What was mainly looked at, Rich said, was a program’s enrollment and marketability, with the profit/loss sheets being a small piece of what was looked at.

She said they used all the data the university made available to them when looking at these factors, such as databooks and enrollment management documents.

“I can’t speak for (the departments), but it just felt like everyone thought we were being very critical,” Rich said. “That’s not how we intended it to be.”

Rich said in recommending efficiencies, the workgroup was not saying the departments were doing anything wrong.

“We’re saying you got a good thing going; how can we get more students from that?” she said.

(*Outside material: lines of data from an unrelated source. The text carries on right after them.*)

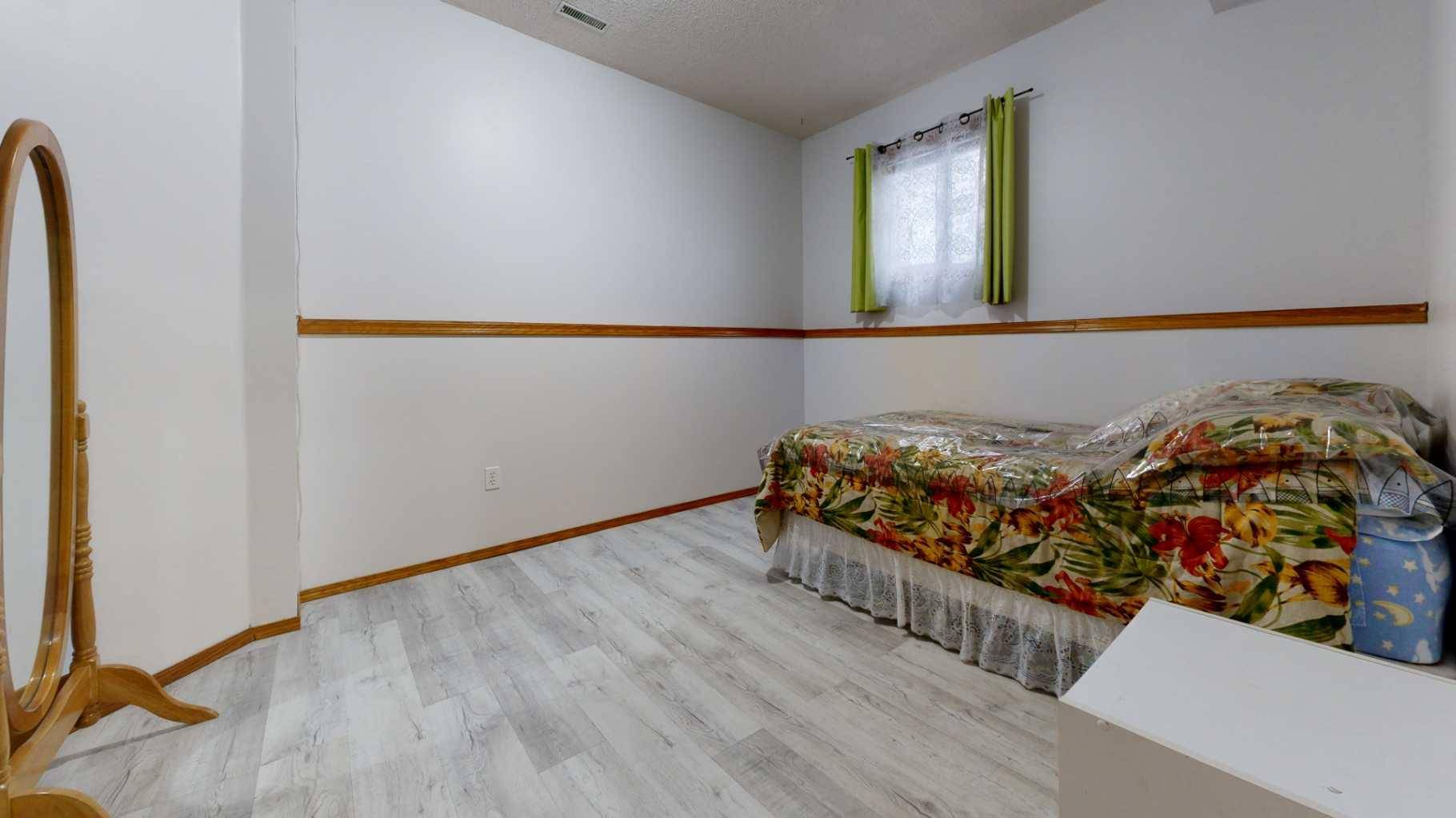 Grande Prairie, AB T8X 1H9,8864 104 AVE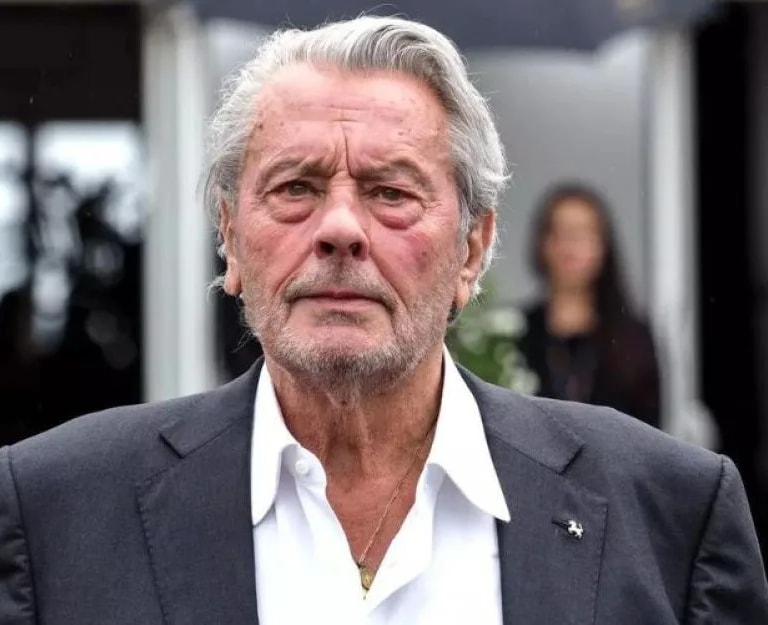 Alain Delon: in casa 72 armi e oltre 3 mila munizioni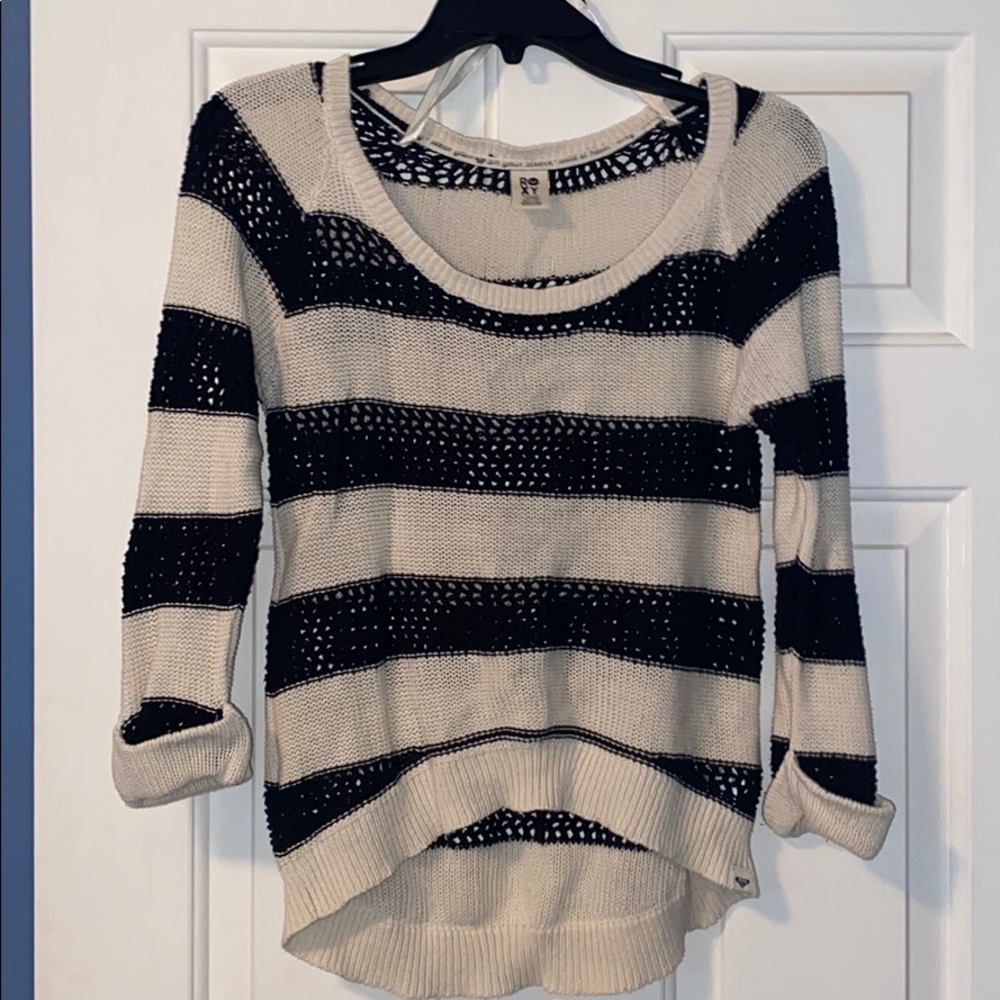 Roxy light weight sweater
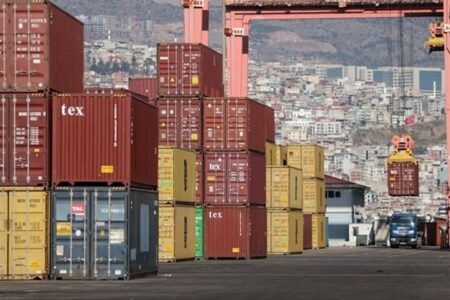 مشکلات تعرفه‌ای مرز مهران از مسیر دیپلماسی حل می‌شود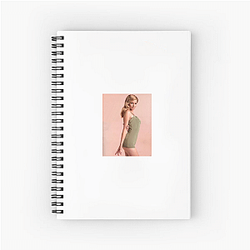 Elizabeth Banks is known for her role in The Hunger Games Elizabeth Banks Notebook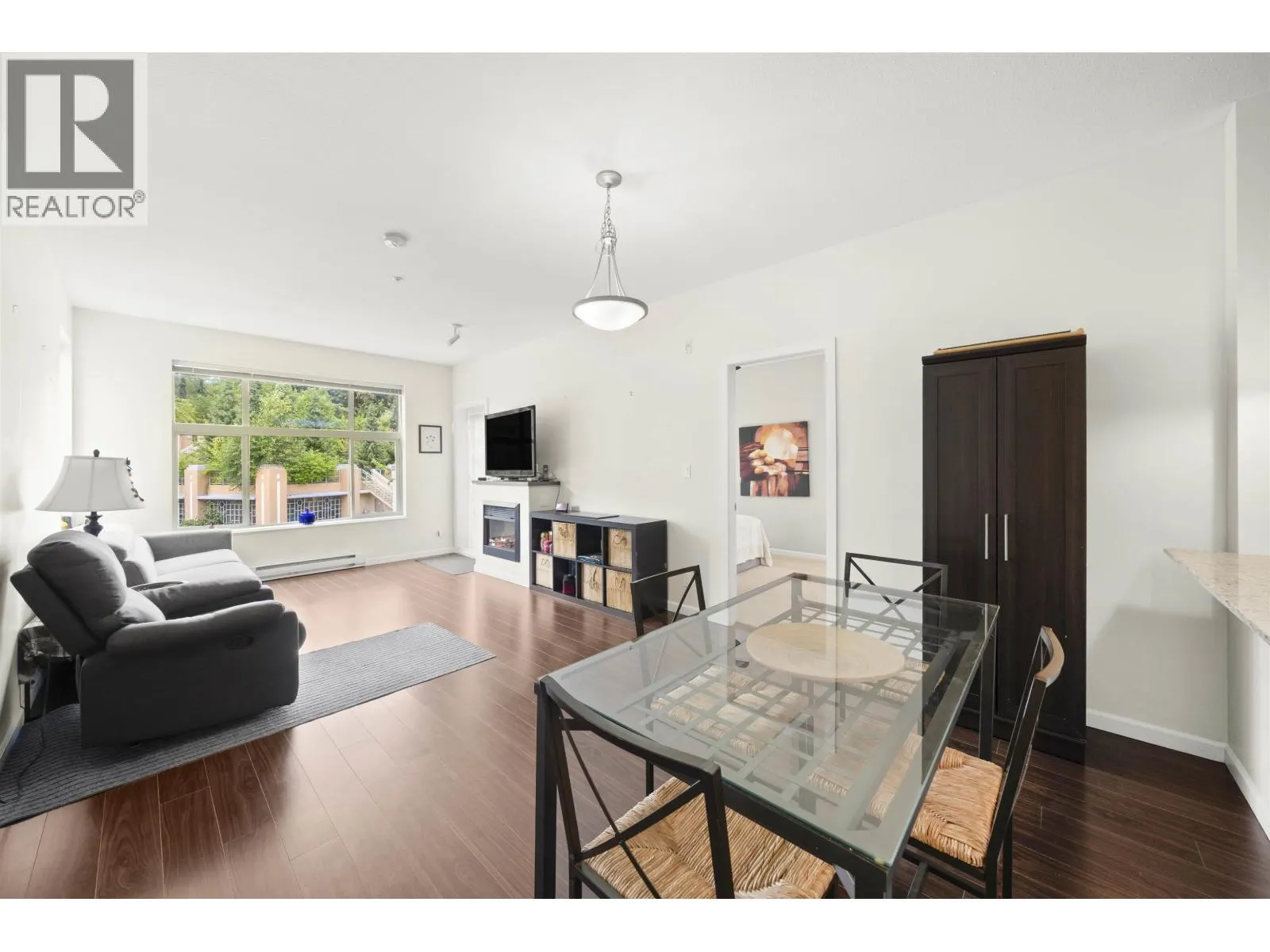 301 275 ROSS DRIVE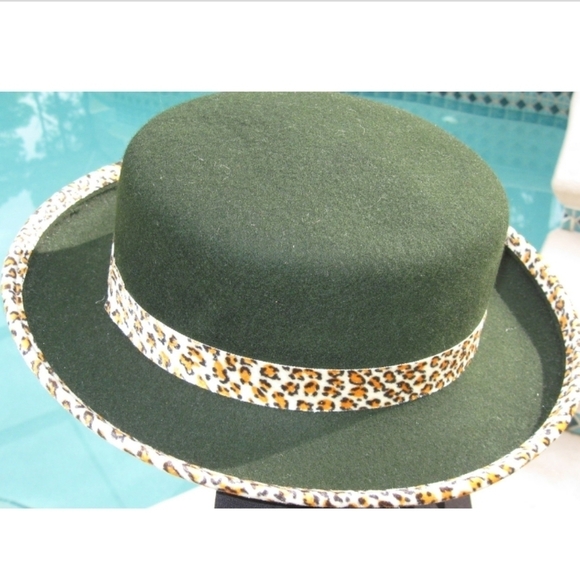 NEW WOMAN'S GREEN FELT HAT WITH LEOPARD SASH AND TRIM - Picture 1 of 3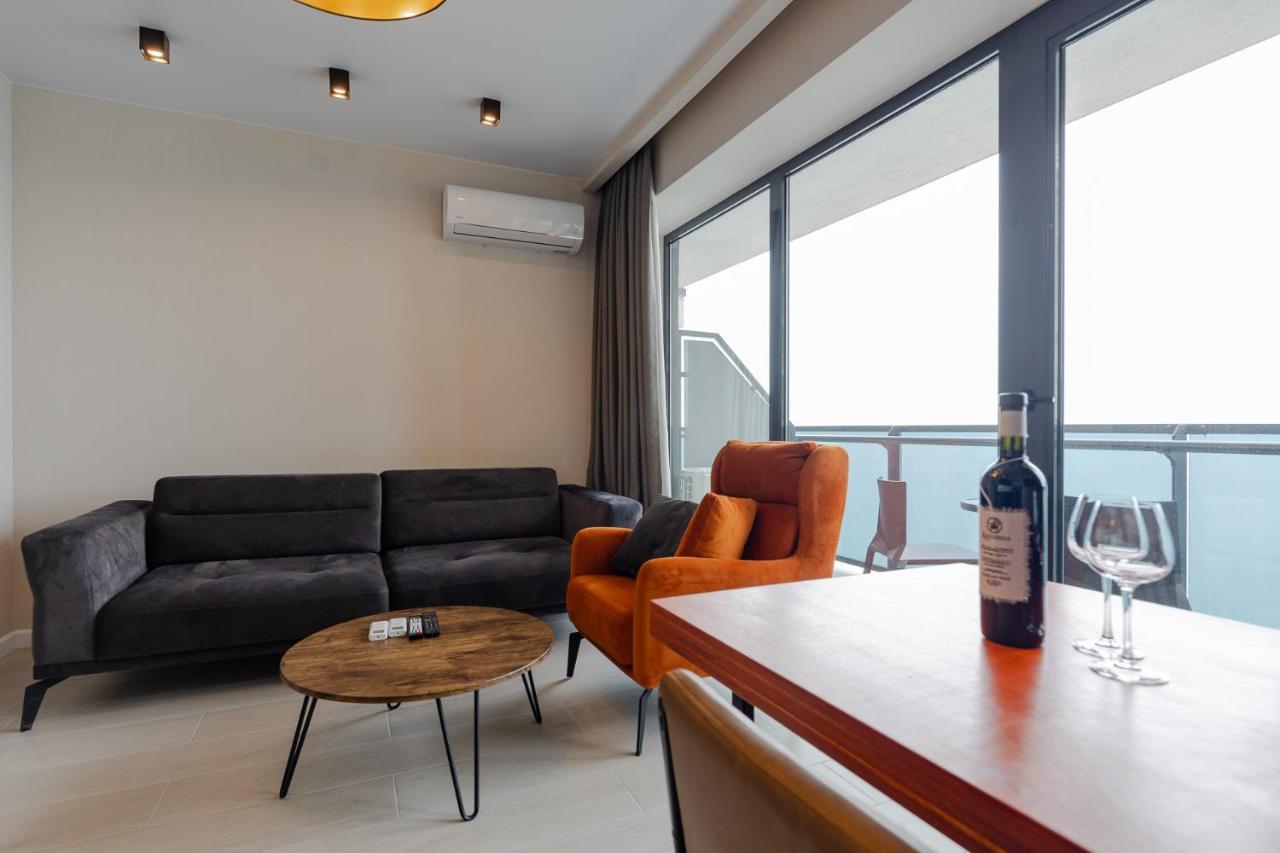 The Spot Apartments - Orbi Beach Tower Batumi Exterior foto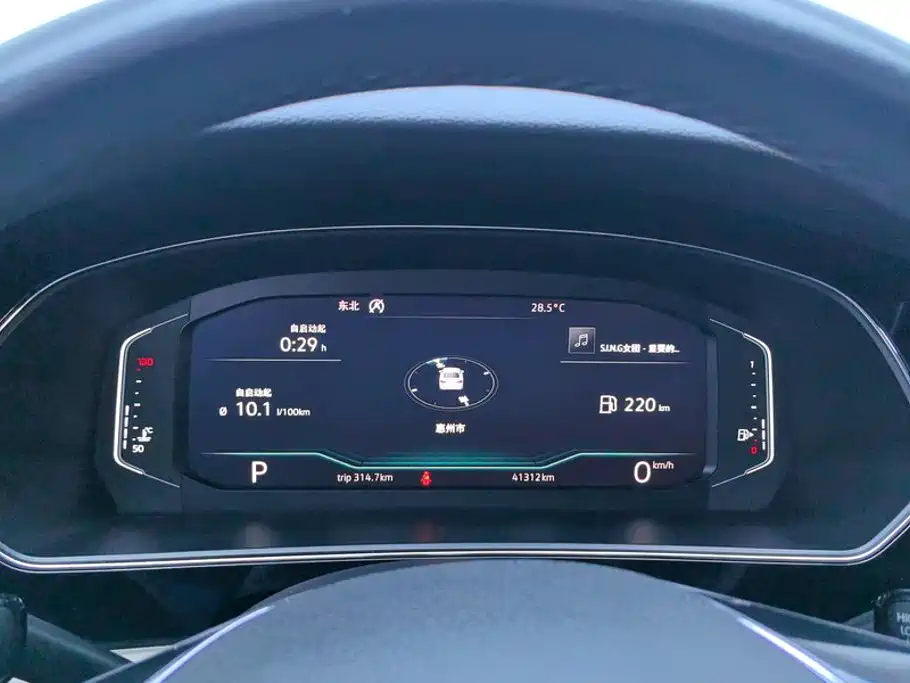Volkswagen Passat — фото 14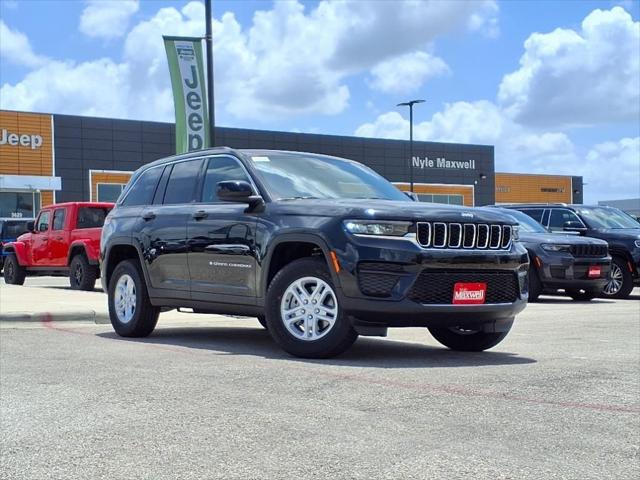 2025 Jeep Grand Cherokee GRAND CHEROKEE LAREDO 4X2 2025 Jeep Grand Cherokee GRAND CHEROKEE LAREDO 4X2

Business professor Scott Stevens said he saw a lot of defensiveness and “turf protection” in people’s responses.

“What people fail to grasp is that there are far too many faculty, far too many programs for our enrollment,” he said. “It’s not sustainable.”

Scott said though there was a lot of verbiage around not being able to eliminate anything, there is a problem to deal with of not having enough students.

“As far as faculty go, yes there are many on this campus (that) have this thing called tenure. We have to let attrition take its course; (there are a) lot of part-time adjuncts who you can get rid of,” Scott said.

He acknowledged the workgroup would have to make recommendations that are not going to make some people happy, but resources need to be used in a more efficient way.

“There’s something to be said for simplification,” he said. “Colleges need to decide what they want to do exceptionally well, pick a couple things and market the hell out of it.”

Rich said the workgroup is not saying to let all the faculty go and never bring them back; instead, they are looking at how to make these academic programs work.

None of the workgroup members want to see someone hurt in the vitalization project process, she added.

“We all feel for people who may lose their jobs and things like that, and that makes us sad,” Rich said. “We don’t want to say bad things about the university. We don’t want to tear it down.”

However, she said if the university tries to be “everything to everybody,” it will get nothing.

“We have to figure out how to stay afloat,” she said.

Accountant Joyce Schumacher pointed out the workgroup was just sending their recommendations, and not a finalized decision, in the vitalization project.

“Somebody above us has to sort through everything,” she said. “These are just our opinions.”

Rich said both departments and the workgroup were able to do what they had to.

“We had our job to do, to look at what they had. They had their job to do,” Rich said. “We’re not adversaries in this; we both had a role to play.”